◆ Provided records ◆
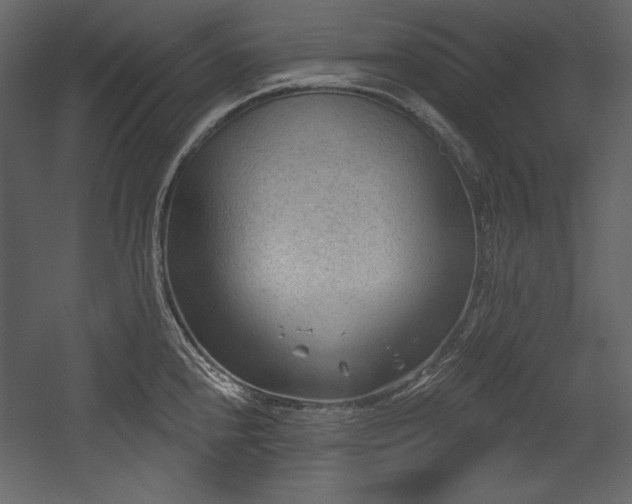 X0000054401240200508011314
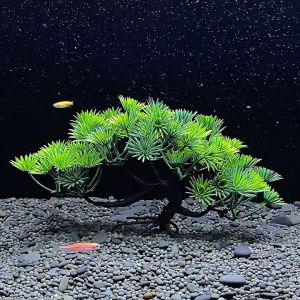 ก้านไม้ 65 ชม ก้านไม้ตกแต่ง ยาวประมาณ 65 ชม วัสดุพลาสติกบิดโค้งได้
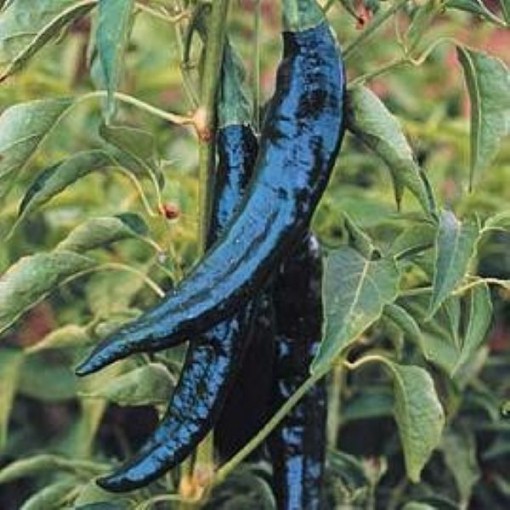 Pasilla Peppers HP1814-20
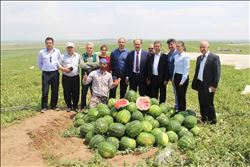 Karpuzda "belgeli" hasat dönemi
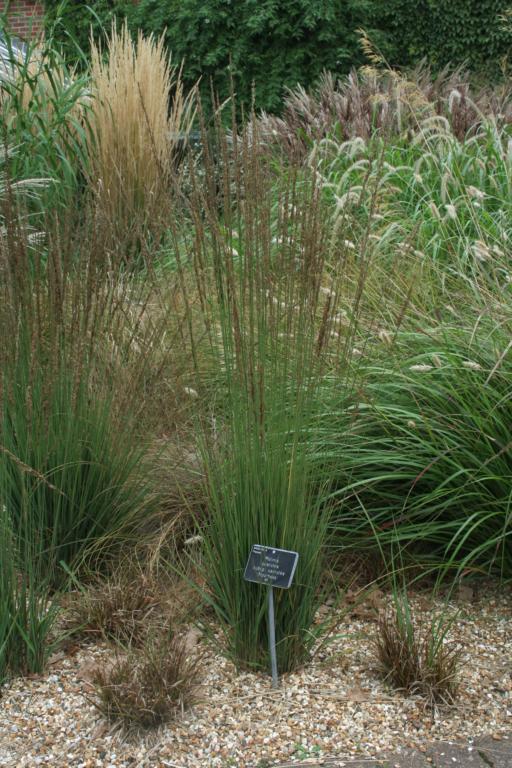 Molinia caerulea 'Moorhexe'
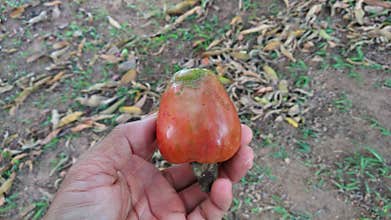 hand holding ripe cashew fruit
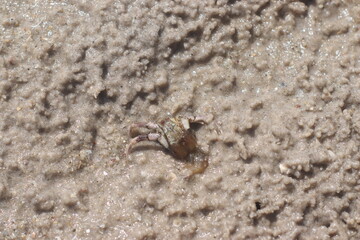 crab on the beach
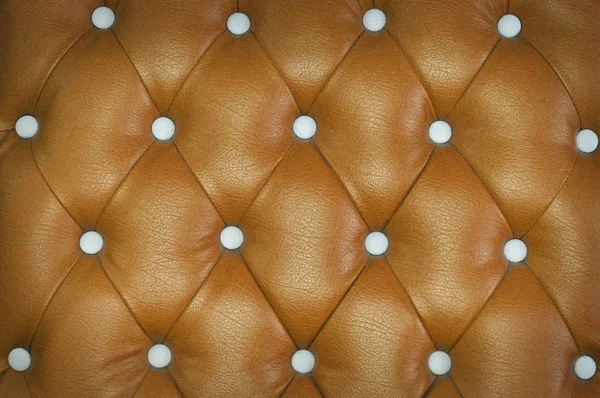 Textura Piel Marrón — Foto de Stock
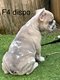 Chiots bouledogues français Lilas merle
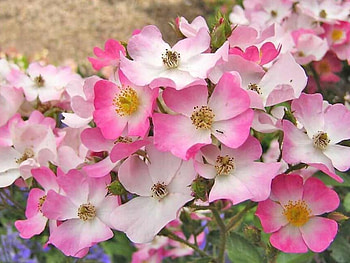 nature, pink, flower HD wallpaper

◆ Task to complete ◆
Could the lines above be copied out exactly, with no image carried over?

◆ Answer ◆
 X0000054401240200508011314
 ก้านไม้ 65 ชม ก้านไม้ตกแต่ง ยาวประมาณ 65 ชม วัสดุพลาสติกบิดโค้งได้
 Pasilla Peppers HP1814-20
 Karpuzda "belgeli" hasat dönemi
 Molinia caerulea 'Moorhexe'
 hand holding ripe cashew fruit
 crab on the beach
 Textura Piel Marrón — Foto de Stock
 Chiots bouledogues français Lilas merle
 nature, pink, flower HD wallpaper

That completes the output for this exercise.